▶ TASK INSTRUCTIONS
Find the line that holds "Poster Tigre Zoo du Michigan", then repeat it and each line below it word for word through the end of the listing, leaving out pictures.

▶ PROVIDED DATA
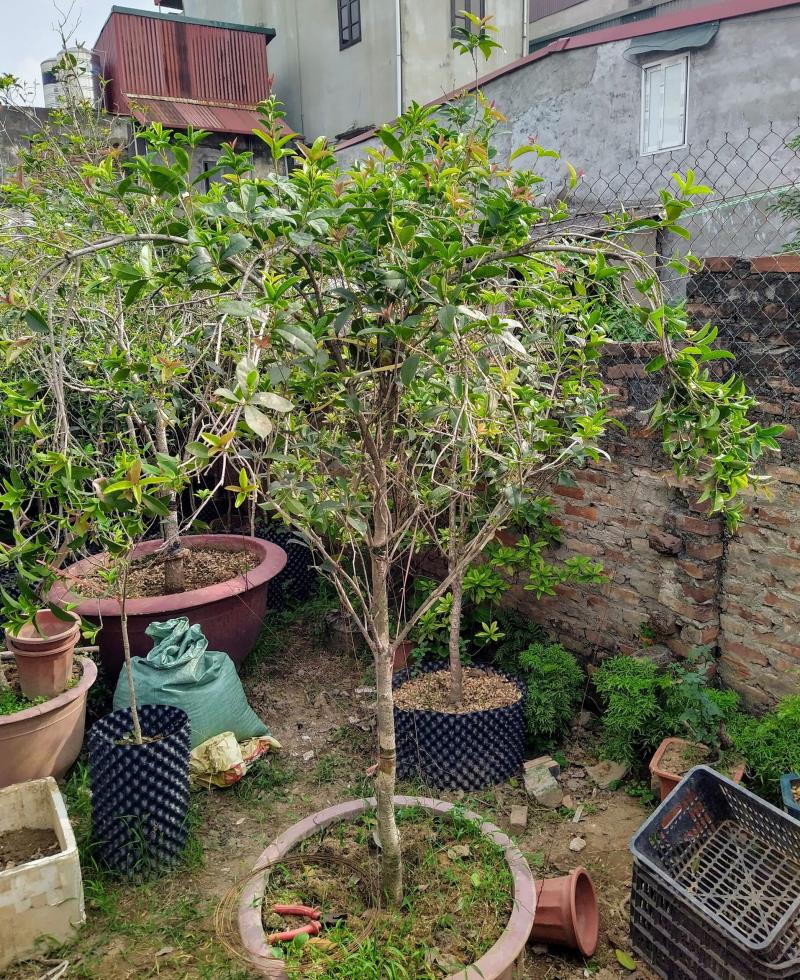 Mua cây mộc ở các công ty cây cảnh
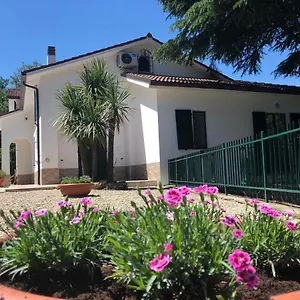 Zac House Frühstückspension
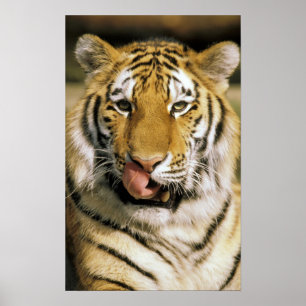 Poster Tigre Zoo du Michigan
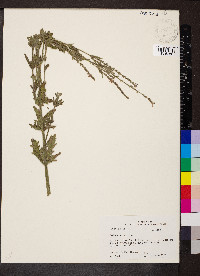 Verbena xutha image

▶ SOLUTION TO THIS TASK
 Poster Tigre Zoo du Michigan
 Verbena xutha image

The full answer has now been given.